• _WHAT YOU NEED TO DO_: Leave the pictures behind and reproduce every line of the listing exactly.

---------- DATA FOR PROCESSING ----------

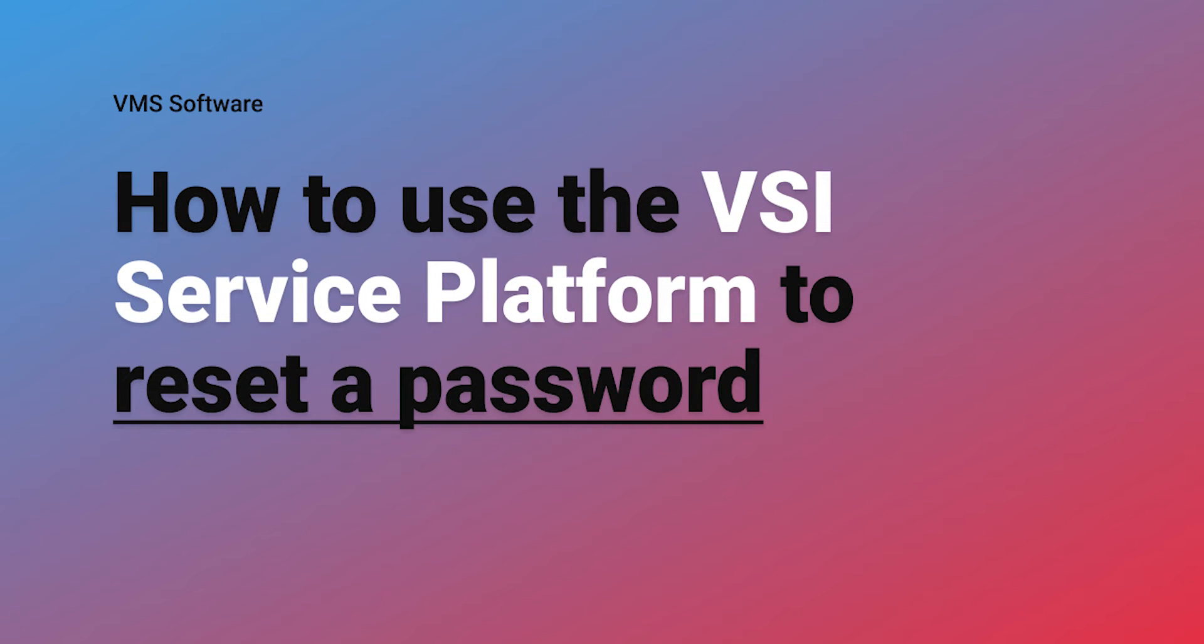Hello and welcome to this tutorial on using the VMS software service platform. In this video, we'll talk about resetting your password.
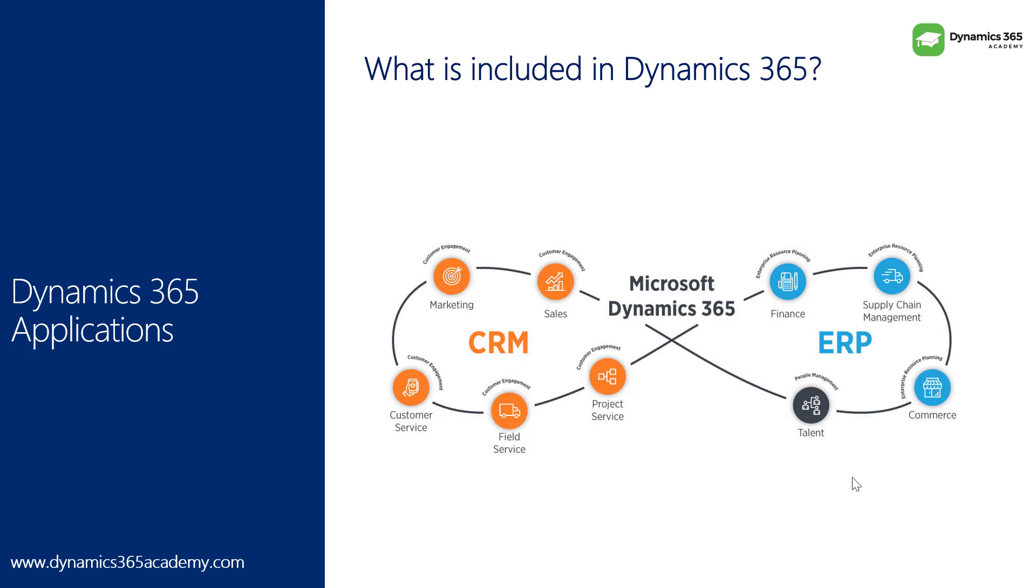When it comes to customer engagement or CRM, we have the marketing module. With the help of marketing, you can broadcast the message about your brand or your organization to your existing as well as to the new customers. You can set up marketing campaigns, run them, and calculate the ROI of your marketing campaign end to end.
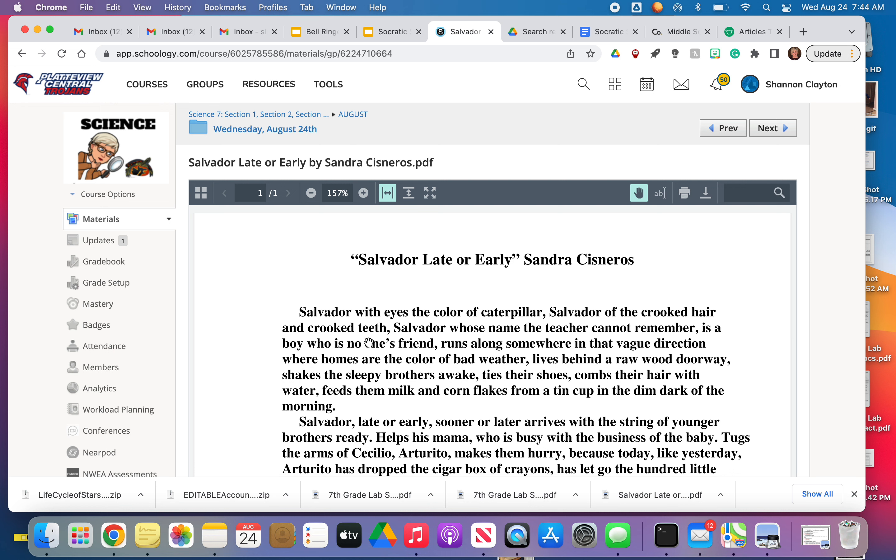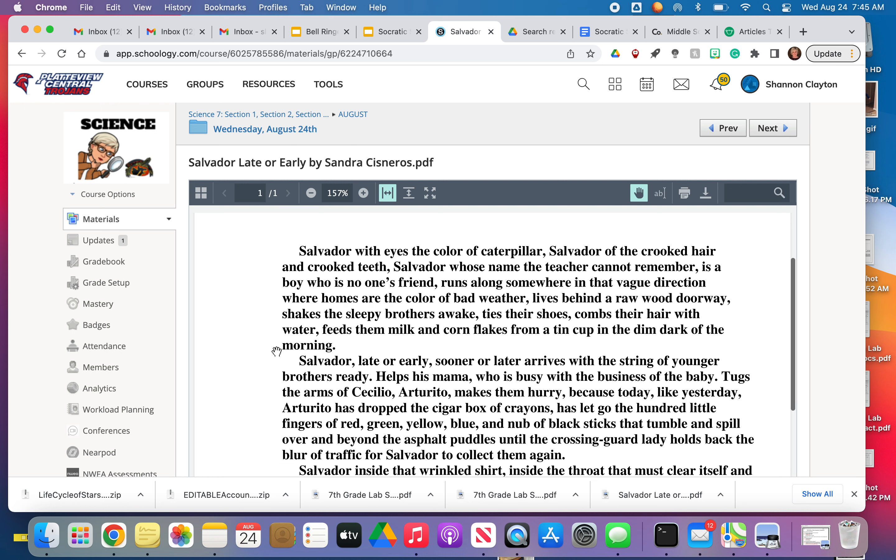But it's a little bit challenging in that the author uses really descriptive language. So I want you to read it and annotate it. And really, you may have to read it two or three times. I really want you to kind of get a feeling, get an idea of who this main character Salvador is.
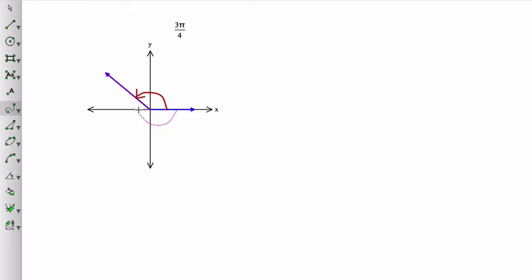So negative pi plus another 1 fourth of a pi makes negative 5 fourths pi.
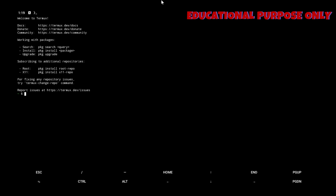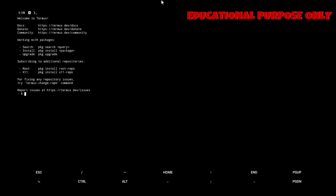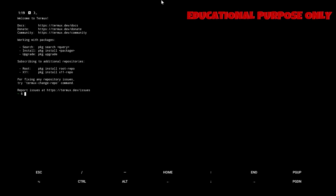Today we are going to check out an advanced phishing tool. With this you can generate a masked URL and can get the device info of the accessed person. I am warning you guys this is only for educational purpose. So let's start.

----------

• _SOLUTION TO THE PROBLEM_:
Hello and welcome to this tutorial on using the VMS software service platform. In this video, we'll talk about resetting your password.
When it comes to customer engagement or CRM, we have the marketing module. With the help of marketing, you can broadcast the message about your brand or your organization to your existing as well as to the new customers. You can set up marketing campaigns, run them, and calculate the ROI of your marketing campaign end to end.
But it's a little bit challenging in that the author uses really descriptive language. So I want you to read it and annotate it. And really, you may have to read it two or three times. I really want you to kind of get a feeling, get an idea of who this main character Salvador is.
So negative pi plus another 1 fourth of a pi makes negative 5 fourths pi.
Today we are going to check out an advanced phishing tool. With this you can generate a masked URL and can get the device info of the accessed person. I am warning you guys this is only for educational purpose. So let's start.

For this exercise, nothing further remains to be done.